§ **Source material**:
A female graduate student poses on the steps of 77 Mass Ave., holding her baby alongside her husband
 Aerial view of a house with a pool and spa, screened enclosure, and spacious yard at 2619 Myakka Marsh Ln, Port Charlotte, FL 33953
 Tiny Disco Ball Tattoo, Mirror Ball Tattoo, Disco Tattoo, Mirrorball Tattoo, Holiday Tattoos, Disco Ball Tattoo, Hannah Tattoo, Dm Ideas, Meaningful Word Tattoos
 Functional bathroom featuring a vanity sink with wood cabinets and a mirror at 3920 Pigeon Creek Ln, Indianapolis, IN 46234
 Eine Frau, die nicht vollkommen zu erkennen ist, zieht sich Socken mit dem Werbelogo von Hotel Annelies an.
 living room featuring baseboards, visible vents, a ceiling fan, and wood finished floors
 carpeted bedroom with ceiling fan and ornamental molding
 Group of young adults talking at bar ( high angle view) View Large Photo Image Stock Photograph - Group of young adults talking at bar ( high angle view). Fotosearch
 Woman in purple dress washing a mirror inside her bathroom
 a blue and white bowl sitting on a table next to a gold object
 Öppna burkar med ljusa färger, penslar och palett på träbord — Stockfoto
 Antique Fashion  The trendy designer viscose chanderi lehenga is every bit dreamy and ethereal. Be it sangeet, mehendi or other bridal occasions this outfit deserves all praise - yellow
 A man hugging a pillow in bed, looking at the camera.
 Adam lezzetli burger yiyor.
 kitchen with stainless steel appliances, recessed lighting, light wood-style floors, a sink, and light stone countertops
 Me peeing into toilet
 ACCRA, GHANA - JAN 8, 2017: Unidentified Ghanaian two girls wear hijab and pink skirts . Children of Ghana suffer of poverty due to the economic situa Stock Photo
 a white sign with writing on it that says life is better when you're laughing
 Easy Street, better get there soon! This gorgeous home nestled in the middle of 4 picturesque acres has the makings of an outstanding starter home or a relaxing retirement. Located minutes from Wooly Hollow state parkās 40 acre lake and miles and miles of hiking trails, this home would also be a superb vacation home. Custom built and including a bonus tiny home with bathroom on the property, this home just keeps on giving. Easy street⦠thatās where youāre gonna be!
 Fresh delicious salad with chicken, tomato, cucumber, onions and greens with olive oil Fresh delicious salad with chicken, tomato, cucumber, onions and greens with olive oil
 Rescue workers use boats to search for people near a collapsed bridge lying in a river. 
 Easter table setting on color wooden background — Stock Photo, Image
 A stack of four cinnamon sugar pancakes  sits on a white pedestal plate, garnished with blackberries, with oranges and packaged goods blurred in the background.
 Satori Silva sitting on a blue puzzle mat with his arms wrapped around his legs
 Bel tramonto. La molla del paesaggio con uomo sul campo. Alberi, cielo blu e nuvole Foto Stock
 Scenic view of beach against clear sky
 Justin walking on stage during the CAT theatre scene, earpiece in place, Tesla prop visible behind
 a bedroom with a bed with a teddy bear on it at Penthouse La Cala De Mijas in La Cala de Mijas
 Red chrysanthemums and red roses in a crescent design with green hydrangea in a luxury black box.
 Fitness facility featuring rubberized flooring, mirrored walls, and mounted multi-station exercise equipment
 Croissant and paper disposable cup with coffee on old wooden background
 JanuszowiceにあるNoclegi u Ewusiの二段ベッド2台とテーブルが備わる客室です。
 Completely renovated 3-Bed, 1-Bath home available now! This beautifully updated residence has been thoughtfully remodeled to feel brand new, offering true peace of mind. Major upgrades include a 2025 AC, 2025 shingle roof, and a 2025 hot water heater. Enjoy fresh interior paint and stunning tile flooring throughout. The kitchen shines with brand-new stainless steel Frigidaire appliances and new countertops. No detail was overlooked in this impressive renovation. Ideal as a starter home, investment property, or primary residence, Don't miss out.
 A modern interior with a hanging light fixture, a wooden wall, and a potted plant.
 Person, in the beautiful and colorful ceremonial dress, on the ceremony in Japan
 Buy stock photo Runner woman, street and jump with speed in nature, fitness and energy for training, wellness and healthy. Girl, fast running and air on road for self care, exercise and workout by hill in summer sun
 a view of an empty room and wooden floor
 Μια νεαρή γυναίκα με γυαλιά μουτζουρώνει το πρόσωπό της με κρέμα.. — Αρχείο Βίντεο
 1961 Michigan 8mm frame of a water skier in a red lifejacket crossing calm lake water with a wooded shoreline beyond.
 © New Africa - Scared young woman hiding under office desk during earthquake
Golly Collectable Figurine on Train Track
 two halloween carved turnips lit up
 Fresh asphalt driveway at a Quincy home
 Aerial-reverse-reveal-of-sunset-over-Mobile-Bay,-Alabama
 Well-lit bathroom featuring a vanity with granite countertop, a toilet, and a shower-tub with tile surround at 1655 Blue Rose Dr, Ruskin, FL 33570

§ **What you need to do**:
Retype the whole listing above exactly as it appears.

§ **Answer space**:
A female graduate student poses on the steps of 77 Mass Ave., holding her baby alongside her husband
 Aerial view of a house with a pool and spa, screened enclosure, and spacious yard at 2619 Myakka Marsh Ln, Port Charlotte, FL 33953
 Tiny Disco Ball Tattoo, Mirror Ball Tattoo, Disco Tattoo, Mirrorball Tattoo, Holiday Tattoos, Disco Ball Tattoo, Hannah Tattoo, Dm Ideas, Meaningful Word Tattoos
 Functional bathroom featuring a vanity sink with wood cabinets and a mirror at 3920 Pigeon Creek Ln, Indianapolis, IN 46234
 Eine Frau, die nicht vollkommen zu erkennen ist, zieht sich Socken mit dem Werbelogo von Hotel Annelies an.
 living room featuring baseboards, visible vents, a ceiling fan, and wood finished floors
 carpeted bedroom with ceiling fan and ornamental molding
 Group of young adults talking at bar ( high angle view) View Large Photo Image Stock Photograph - Group of young adults talking at bar ( high angle view). Fotosearch
 Woman in purple dress washing a mirror inside her bathroom
 a blue and white bowl sitting on a table next to a gold object
 Öppna burkar med ljusa färger, penslar och palett på träbord — Stockfoto
 Antique Fashion  The trendy designer viscose chanderi lehenga is every bit dreamy and ethereal. Be it sangeet, mehendi or other bridal occasions this outfit deserves all praise - yellow
 A man hugging a pillow in bed, looking at the camera.
 Adam lezzetli burger yiyor.
 kitchen with stainless steel appliances, recessed lighting, light wood-style floors, a sink, and light stone countertops
 Me peeing into toilet
 ACCRA, GHANA - JAN 8, 2017: Unidentified Ghanaian two girls wear hijab and pink skirts . Children of Ghana suffer of poverty due to the economic situa Stock Photo
 a white sign with writing on it that says life is better when you're laughing
 Easy Street, better get there soon! This gorgeous home nestled in the middle of 4 picturesque acres has the makings of an outstanding starter home or a relaxing retirement. Located minutes from Wooly Hollow state parkās 40 acre lake and miles and miles of hiking trails, this home would also be a superb vacation home. Custom built and including a bonus tiny home with bathroom on the property, this home just keeps on giving. Easy street⦠thatās where youāre gonna be!
 Fresh delicious salad with chicken, tomato, cucumber, onions and greens with olive oil Fresh delicious salad with chicken, tomato, cucumber, onions and greens with olive oil
 Rescue workers use boats to search for people near a collapsed bridge lying in a river. 
 Easter table setting on color wooden background — Stock Photo, Image
 A stack of four cinnamon sugar pancakes  sits on a white pedestal plate, garnished with blackberries, with oranges and packaged goods blurred in the background.
 Satori Silva sitting on a blue puzzle mat with his arms wrapped around his legs
 Bel tramonto. La molla del paesaggio con uomo sul campo. Alberi, cielo blu e nuvole Foto Stock
 Scenic view of beach against clear sky
 Justin walking on stage during the CAT theatre scene, earpiece in place, Tesla prop visible behind
 a bedroom with a bed with a teddy bear on it at Penthouse La Cala De Mijas in La Cala de Mijas
 Red chrysanthemums and red roses in a crescent design with green hydrangea in a luxury black box.
 Fitness facility featuring rubberized flooring, mirrored walls, and mounted multi-station exercise equipment
 Croissant and paper disposable cup with coffee on old wooden background
 JanuszowiceにあるNoclegi u Ewusiの二段ベッド2台とテーブルが備わる客室です。
 Completely renovated 3-Bed, 1-Bath home available now! This beautifully updated residence has been thoughtfully remodeled to feel brand new, offering true peace of mind. Major upgrades include a 2025 AC, 2025 shingle roof, and a 2025 hot water heater. Enjoy fresh interior paint and stunning tile flooring throughout. The kitchen shines with brand-new stainless steel Frigidaire appliances and new countertops. No detail was overlooked in this impressive renovation. Ideal as a starter home, investment property, or primary residence, Don't miss out.
 A modern interior with a hanging light fixture, a wooden wall, and a potted plant.
 Person, in the beautiful and colorful ceremonial dress, on the ceremony in Japan
 Buy stock photo Runner woman, street and jump with speed in nature, fitness and energy for training, wellness and healthy. Girl, fast running and air on road for self care, exercise and workout by hill in summer sun
 a view of an empty room and wooden floor
 Μια νεαρή γυναίκα με γυαλιά μουτζουρώνει το πρόσωπό της με κρέμα.. — Αρχείο Βίντεο
 1961 Michigan 8mm frame of a water skier in a red lifejacket crossing calm lake water with a wooded shoreline beyond.
 © New Africa - Scared young woman hiding under office desk during earthquake
Golly Collectable Figurine on Train Track
 two halloween carved turnips lit up
 Fresh asphalt driveway at a Quincy home
 Aerial-reverse-reveal-of-sunset-over-Mobile-Bay,-Alabama
 Well-lit bathroom featuring a vanity with granite countertop, a toilet, and a shower-tub with tile surround at 1655 Blue Rose Dr, Ruskin, FL 33570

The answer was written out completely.